No. 20.
Mr. Porter to Mr. Magee.
No. 49.]

Sir: I have to request that you will inform the Department at the earliest convenient date whether any, and, if any, what difference exists under the shipping laws of Sweden and Norway between the tonnage dues charged on vessels in the ports of Sweden and the ports of Norway.

The correspondence between the Department and the minister of Sweden and Norway at this capital, in relation to the shipping act of 1884, as amended in 1886, in connection with the treaty of 1827 between the United States and Sweden and Norway, has disclosed the fact that at the time of, and subsequently to, the conclusion of that convention, there existed a considerable difference between the system of tonnage and other duties charged in the ports of Sweden and that enforced in the ports of Norway. The Department desires to be informed in relation to that difference; in what it consisted, and when and in what manner it was terminated.

The point which has been brought particularly to the notice of the Department in the correspondence referred to is that in 1827, and for some time thereafter, the rate of tonnage and other duties levied in the ports of Norway was adjusted upon a geographical basis.
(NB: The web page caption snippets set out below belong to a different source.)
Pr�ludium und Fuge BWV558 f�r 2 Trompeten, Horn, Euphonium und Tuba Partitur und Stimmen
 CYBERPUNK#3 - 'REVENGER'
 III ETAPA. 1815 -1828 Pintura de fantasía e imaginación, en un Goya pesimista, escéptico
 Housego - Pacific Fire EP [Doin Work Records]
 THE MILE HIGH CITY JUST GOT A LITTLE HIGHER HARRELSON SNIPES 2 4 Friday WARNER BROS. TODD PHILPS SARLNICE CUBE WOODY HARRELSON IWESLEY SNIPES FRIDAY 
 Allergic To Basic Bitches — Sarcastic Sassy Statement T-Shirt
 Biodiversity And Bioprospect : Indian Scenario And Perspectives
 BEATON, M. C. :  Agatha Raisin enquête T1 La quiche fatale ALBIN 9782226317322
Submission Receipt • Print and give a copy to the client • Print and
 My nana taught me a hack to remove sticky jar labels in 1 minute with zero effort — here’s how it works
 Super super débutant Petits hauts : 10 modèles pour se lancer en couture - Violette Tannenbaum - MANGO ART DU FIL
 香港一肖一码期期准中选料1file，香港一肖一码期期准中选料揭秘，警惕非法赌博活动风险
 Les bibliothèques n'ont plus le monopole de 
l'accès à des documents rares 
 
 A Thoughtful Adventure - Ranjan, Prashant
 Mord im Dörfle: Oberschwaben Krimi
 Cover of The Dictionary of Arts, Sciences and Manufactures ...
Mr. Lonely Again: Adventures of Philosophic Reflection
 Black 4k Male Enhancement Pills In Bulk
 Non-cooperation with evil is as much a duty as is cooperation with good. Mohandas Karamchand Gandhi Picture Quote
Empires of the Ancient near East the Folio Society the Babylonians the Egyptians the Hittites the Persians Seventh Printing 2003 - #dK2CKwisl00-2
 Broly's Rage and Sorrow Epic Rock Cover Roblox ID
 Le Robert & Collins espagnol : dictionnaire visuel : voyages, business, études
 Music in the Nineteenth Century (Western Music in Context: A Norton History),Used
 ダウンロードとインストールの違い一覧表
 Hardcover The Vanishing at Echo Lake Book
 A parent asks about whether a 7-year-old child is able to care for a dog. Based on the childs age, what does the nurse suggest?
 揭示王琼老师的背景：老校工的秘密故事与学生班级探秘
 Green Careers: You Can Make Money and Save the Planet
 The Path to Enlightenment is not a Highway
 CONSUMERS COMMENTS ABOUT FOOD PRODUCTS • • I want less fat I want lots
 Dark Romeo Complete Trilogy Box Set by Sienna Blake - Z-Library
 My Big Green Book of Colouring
For example, vessels coming from ports in the Mediterranean were charged a less rate than vessels coming from more remote points, among which were, of course, ports of the United States. To this discrimination between vessels coming from Mediteranean ports and those coming from the ports of the United States this Government objected as in contravention of Article VIII of the treaty of 1827, and the Government of Sweden and Norway yielded the point.

The Department desires to know how long after that admission the discrimination continued to operate as between Sweden and Norway and other countries than the United States.

Again asking your early attention to the matter,

I am, etc.,

Jas. D. Porter,
Acting Secretary.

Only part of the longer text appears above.